Nuvectis Pharma (NVCT) Corporate presentation summary

Precision medicine strategy and pipeline

• Focus on developing targeted therapies for serious oncology conditions with unmet needs.

• NXP900 is a novel, highly selective YES1/SRC kinase inhibitor discovered at the University of Edinburgh.

• Phase 1a dose escalation and drug-drug interaction (DDI) studies completed; Phase 1b program ongoing with monotherapy and combination arms.

• Potential indications include YES1/SRC-driven solid tumors, squamous cell cancers, and ALK/EGFR-mutated NSCLC.

• Management team has a strong track record with three approved drugs in four indications in the US and EU.

Clinical progress and safety

• Phase 1a study in advanced solid tumors showed robust pharmacodynamic response with ~90% SRC inhibition at ≥150 mg/day.

• Acceptable safety profile; no dose-limiting toxicity identified.

• Most common adverse events: diarrhea, fatigue, nausea, decreased appetite, and dyspnea, mostly mild to moderate.
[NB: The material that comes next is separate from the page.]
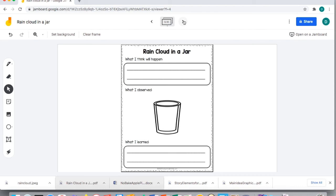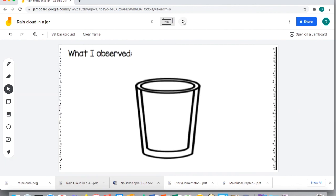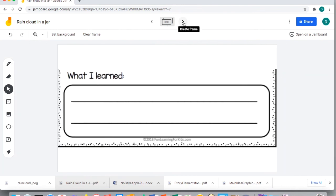You can absolutely chunk and break this down if that's what your students need, separating it by creating screenshots: first, what is our prediction — write, type, or draw it out. Then, draw or type what you're observing. Finally, what did they learn? I think this is a really great way to wrap it all up.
• DDI study in healthy volunteers showed NXP900 is a weak inhibitor of CYP3A and CYP2B6, with no serious adverse events.

• Rapid and sustained reduction of pSRC in PBMCs observed after dosing.

Scientific rationale and preclinical validation

• Hippo pathway mutations and YES1 amplification linked to NXP900 sensitivity; strong preclinical efficacy in lung, esophageal, and head and neck cancer models.
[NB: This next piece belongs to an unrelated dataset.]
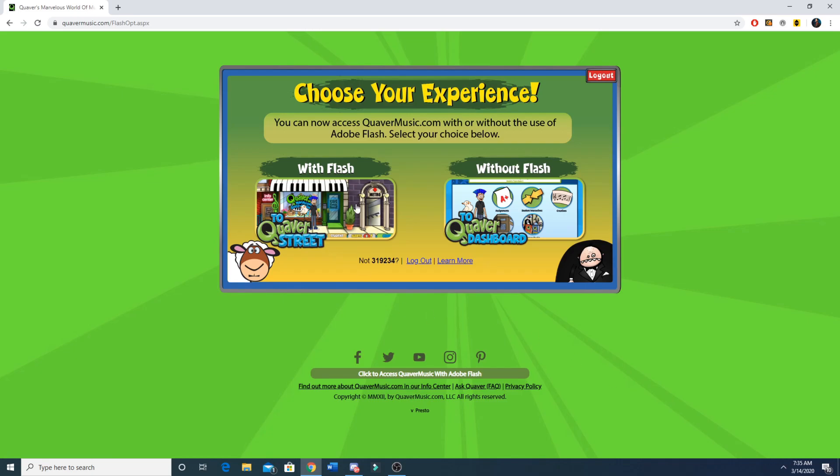Now it's going to ask you to choose your experience. It's going to either ask you to do it with Flash or without Flash. For our purposes we want to make sure that we select without Flash because that's where we can access our assignments.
• NXP900 achieves complete shut-down of YES1/SRC pathways, differentiating it from other multi-kinase inhibitors.

• More selective and potent SRC inhibition compared to saracatinib, with enrichment strategy for patient selection.

• Preclinical synergy demonstrated with ALK/EGFR inhibitors and RAS inhibitors, reversing resistance in NSCLC models.

• SRC, YES1, and YAP1 activation validated as drivers of resistance to targeted therapies.